Steve Rogers jako ikona potęgi Stanów Zjednoczonych

Steven Rogers, szerzej znany jako Kapitan Ameryka, to absolutny klasyk w dziedzinie komiksów z udziałem superbohaterów. Debiut Kapitana Ameryki sięga 1941, czyli czasów II wojny światowej. Rozmachu mu nie brakuje – już na pierwszej okładce uderza w twarz samego Adolfa Hitlera. Podobnie jak wielu późniejszych herosów, Steven Rogers jest sierotą. W życiu prywatnym raczej nie stanowi zagrożenia, ani dla Hitlera, ani dla kogokolwiek innego, przynajmniej z początku. Jest… Studentem sztuki. Przejęty zagrożeniem ze strony Niemców, w 1940 roku postanawia zaciągnąć się do armii. Ta go jednak nie przyjmuje – niemądrze z jej strony – uznając, że Rogers jest zbyt słaby fizycznie, aby sprostać trudnościom związanym z walką. I w pewnym sensie jest to prawda. Kapitan Ameryka zyskuje swoje nadnaturalne moce dopiero wówczas, gdy decyduje się wziąć udział w projekcie, którego celem jest utworzenie specjalnej grupy elitarnych żołnierzy. Doktor Erskine, będący głównym pomysłodawcą tego przedsięwzięcia, wstrzykuje Rogersowi specjalne serum superżołnierza, które znacząco zwiększa jego parametry fizyczne, w tym siłę, szybkość i wytrzymałość, a nawet znacząco przyczynia się do wzrostu jego możliwości intelektualnych. Niestety, wkrótce po zakończeniu pierwszych testów doktor Erskin ginie w wyniku sabotażu projektu, dokonanego przez jednego z nazistów. W efekcie Kapitan Ameryka pozostaje jedynym uczestnikiem projektu, zdolnym działać zgodnie ze swoim nowym przeznaczeniem. Szybko zostaje wysłany do walki z III Rzeszą, która od teraz staje się jego głównym wrogiem. Najlepiej znanym spośród jego przeciwników jest Red Skull, który nie dość, że jest nazistą, to jeszcze posiada umiejętności pozwalające mu stanąć w walce z Kapitanem Ameryką jak równy z równym.

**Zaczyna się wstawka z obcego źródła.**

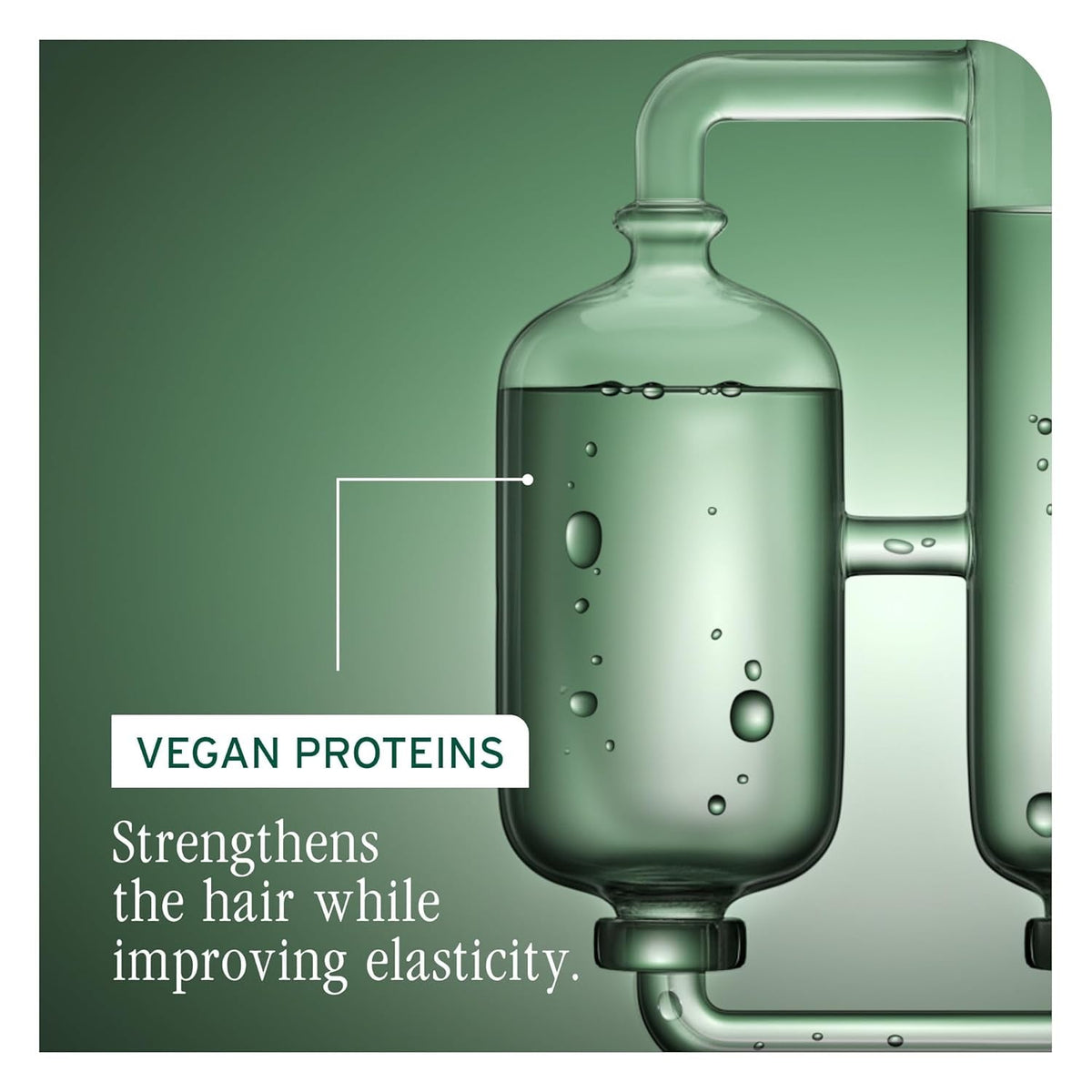 Biolage Strength Recovery Shampoo - Reduces Breakage & Detangles, for Damaged Hair, with Olive Squalane & Vegan Proteins, Paraben & Mineral Oil-Free, Packaging May Vary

Kapitan Ameryka w walce posługuje się charakterystyczną, wykonaną ze stopu vibranium a adamantium, wytrzymałą tarczą, kompilując jednocześnie ciosy dwóch sposobów walki, które opanował do perfekcji. Są to judo i boks amerykański. Wszystko razem daje wyjątkowo śmiercionośną mieszankę.